Preserve end-of-line style when working with files

2020-08-14 10:48发布

问题:

I am looking for a way to ensure that the end-of-line style of a file is maintained in python program while reading, editing and writing.

Python has universal file ending support, which can convert all line endings to \n when the file is read, and then convert them all to the system default when the file is written. In my case I would like to still do the initial conversion, but then write the file with the original EOL style rather than the system default.

Is there a standard way to do this kind of thing? If not, is there a standard way to detect the EOL style of a file?
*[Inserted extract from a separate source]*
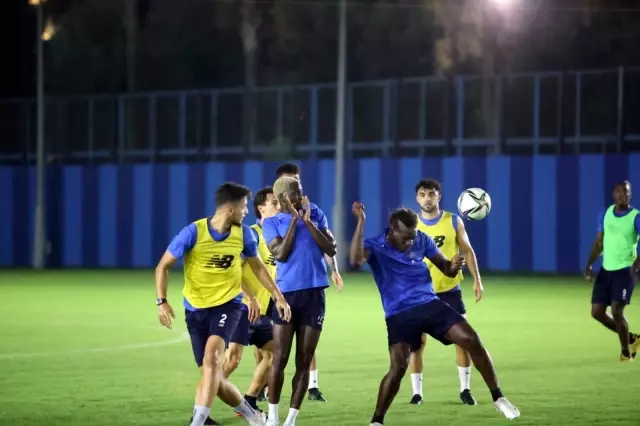 Adana Demirspor'da Fenerbahçe maçı hazırlıkları başladı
Assuming that there is no standard way to do this, a possible work flow would be:

  1. Read in a file in binary mode.
  2. Decode into utf-8 (or whatever encoding is required).
  3. Detect EOL style.
  4. Convert all line endings to \n.

  5. Do stuff with the file.

  6. Convert all line endings to original style.

  7. Encode file.
  8. Write file in binary mode.

In this work flow, what is the best way to do step 2?

回答1:

Use python's universal newline support:

f = open('randomthing.py', 'rU')
fdata = f.read()
newlines = f.newlines
print repr(newlines)

newlines contains the file's delimiter or a tuple of delimiters if the file uses a mix of delimiters.



回答2:

To preserve original line endings, use newline='' to read or write line endings untranslated.

with open('test.txt','r',newline='') as rf:
    content = rf.read()
content = content.replace('old text','new text')
with open('testnew.txt','w',newline='') as wf:
    wf.write(content)

Note that if the text manipulation itself deals with line endings, additional or alternative logic may be needed to detect and match original line endings.

The 'U' mode also works, but is deprecated.

Python Documentation: open

newline controls how universal newlines mode works (it only applies to text mode). It can be None, '', '\n', '\r', and '\r\n'. It works as follows:

• When reading input from the stream, if newline is None, universal newlines mode is enabled. Lines in the input can end in '\n', '\r', or '\r\n', and these are translated into '\n' before being returned to the caller. If it is '', universal newlines mode is enabled, but line endings are returned to the caller untranslated. If it has any of the other legal values, input lines are only terminated by the given string, and the line ending is returned to the caller untranslated.

• When writing output to the stream, if newline is None, any '\n' characters written are translated to the system default line separator, os.linesep. If newline is '' or '\n', no translation takes place. If newline is any of the other legal values, any '\n' characters written are translated to the given string.